Unfortunately, no single RIG delivers on all these goals, so you'll need to prioritize and make trade-offs among them. Some goals may be more important to you than others. This is a valid argument for diversifying your retirement income sources, so your entire retirement income portfolio might address all the goals that are important to you.
Also, it's important to note that you might have different priorities and circumstances than your friends and family. So, take your needs, goals and circumstances into account when determining your retirement income allocation, not theirs.
Here are the common retirement income generators that have distinct characteristics regarding the above goals, each with different advantages and disadvantages:
- Drawing from Social Security.
- Investing your savings and using a systematic withdrawal plan to generate a retirement paycheck.
- Investing your savings and living off the interest and dividend income.
- Buying a guaranteed lifetime annuity from an insurance company (think of it as a personal pension).
- Generating money from real estate rental income.
- Getting a reverse mortgage.
Your task is to prioritize the goals that are most important to you, learn how each of these RIGs might meet those goals and then construct a portfolio of retirement income that increases the odds of success.
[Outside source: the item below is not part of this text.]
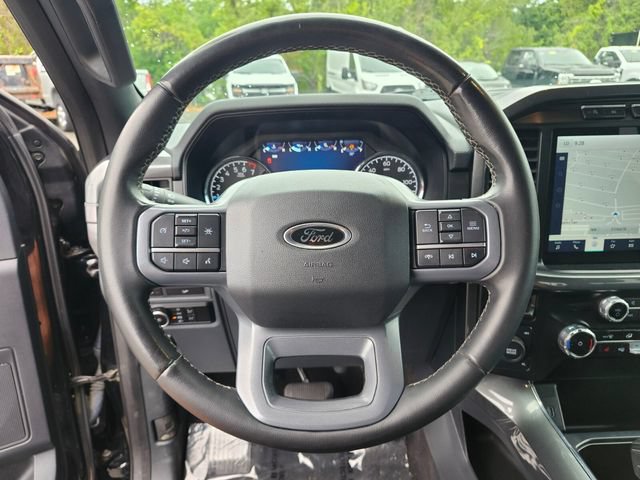 Certified 2023 Ford F150 XLT w/ Equipment Group 302A High AWD/4WD image 28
It's a tall order, but nobody said do-it-yourself retirement would be easy. You may want to find a qualified retirement income planner who can help you and who'll have your best interests at heart.
This is just a summary of the main ideas from the SOA/SCL study, which is 80 pages of text and charts. This report can give you (or your advisor) valuable insights into constructing a retirement income portfolio that meets your unique goals and circumstances. And that might help you relax and enjoy your retirement.